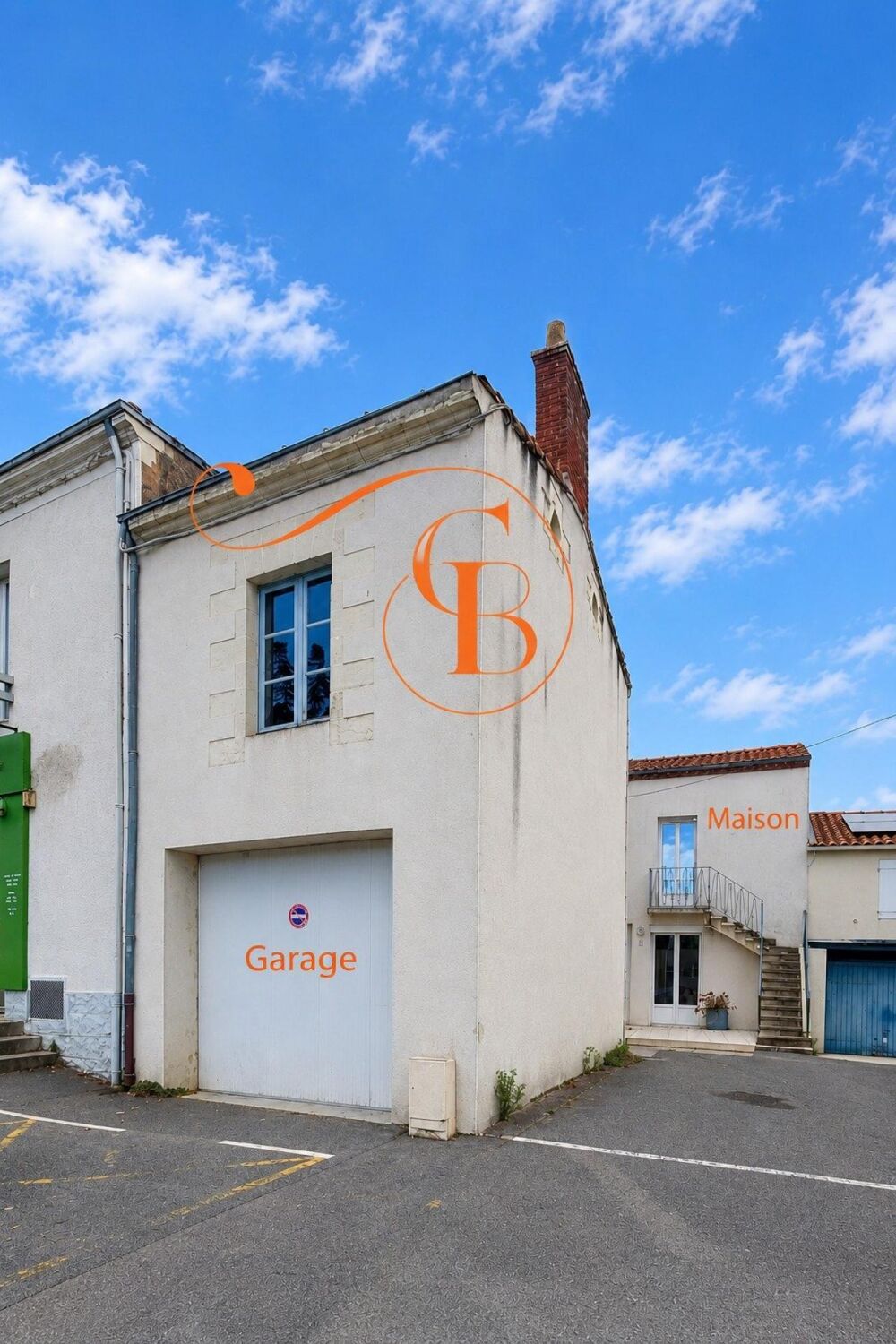 Maison entièrement rénovée + possibilité de garage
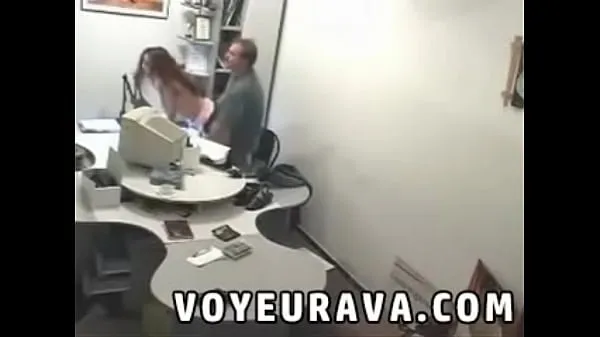 Velika Caught By Security Camera topla cev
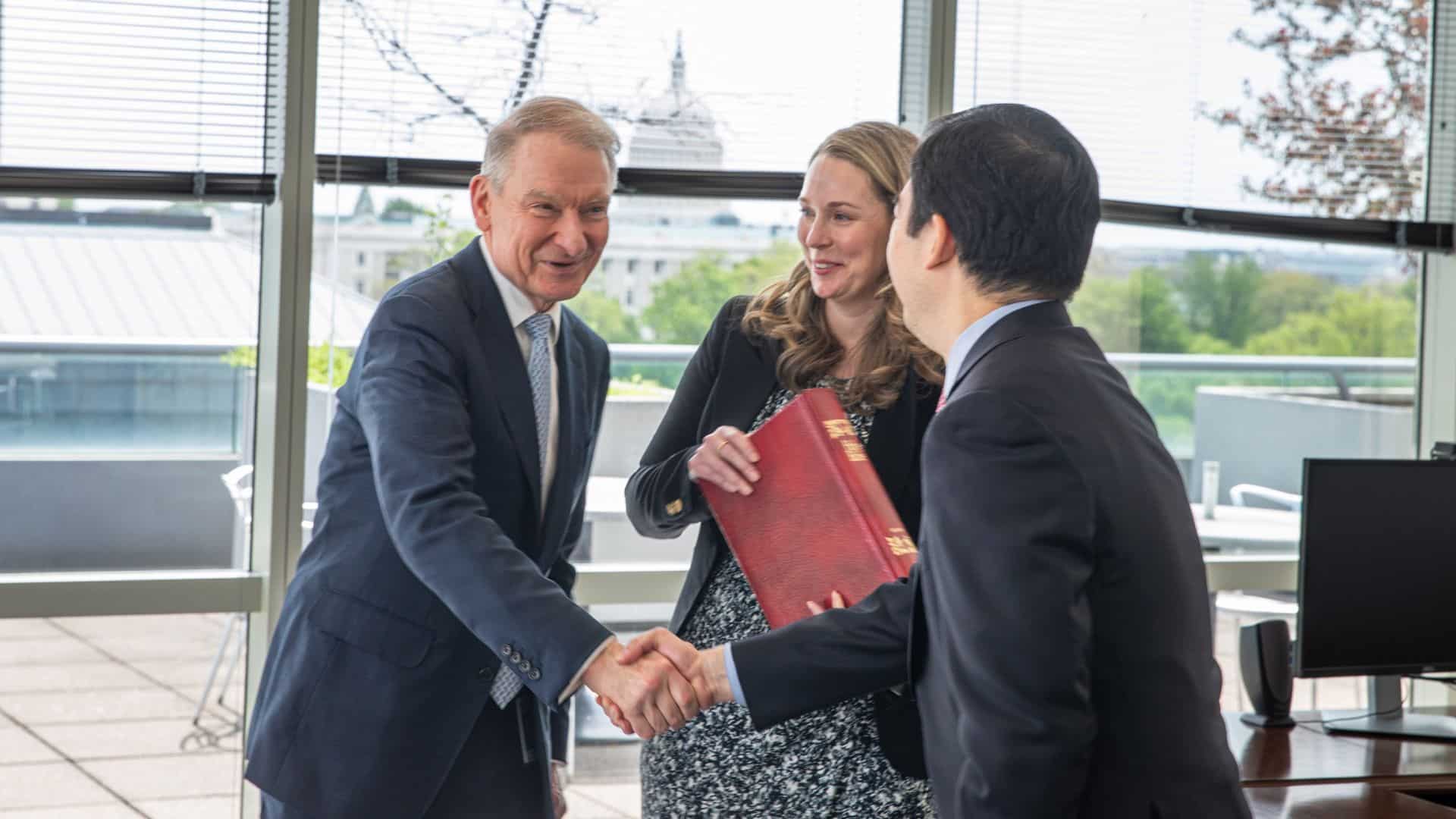 Paul S. Atkins foi empossado como o 34º presidente da SEC 1
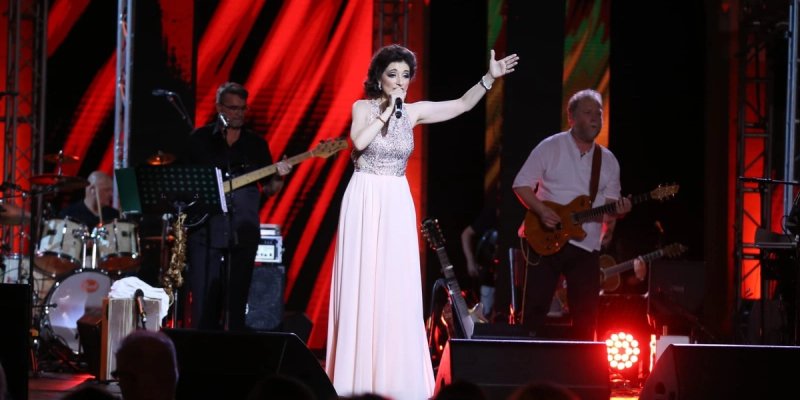 FOTO/VIDEO: 61. SPLITSKI FESTIVAL Doris Dragović oduševila publiku ekskluzivnim koncertom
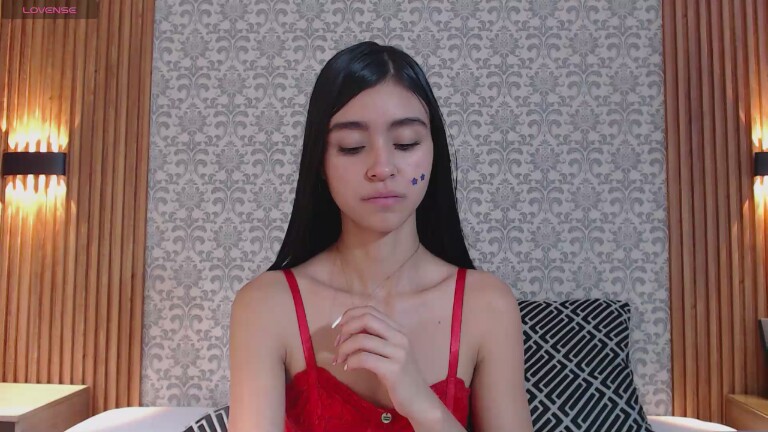 Charlotte_18's Streamate show and profile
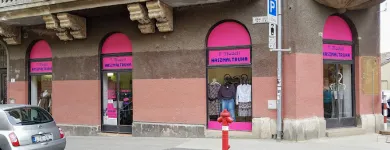 2 üzleti kép T-MODELL Üzletek ban/ben Pécs BA
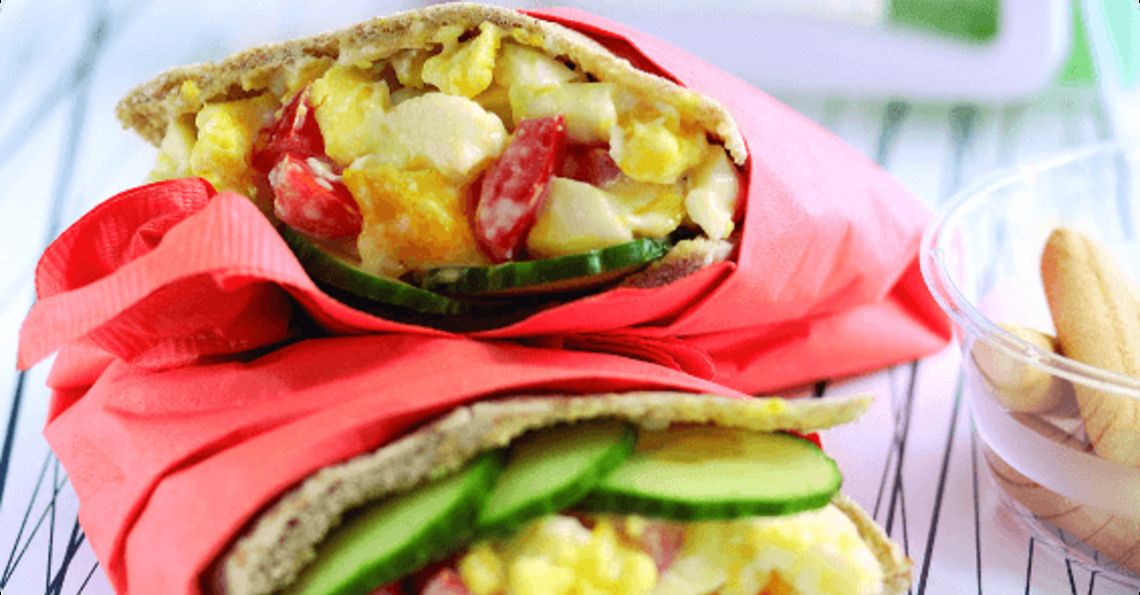 Egg and tomato pitta pockets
##############################
**YOUR ASSIGNMENT**
Repeat the records exactly, without the pictures.

**YOUR RESPONSE**
 Maison entièrement rénovée + possibilité de garage
 Velika Caught By Security Camera topla cev
 Paul S. Atkins foi empossado como o 34º presidente da SEC 1
 FOTO/VIDEO: 61. SPLITSKI FESTIVAL Doris Dragović oduševila publiku ekskluzivnim koncertom
 Charlotte_18's Streamate show and profile
 2 üzleti kép T-MODELL Üzletek ban/ben Pécs BA
 Egg and tomato pitta pockets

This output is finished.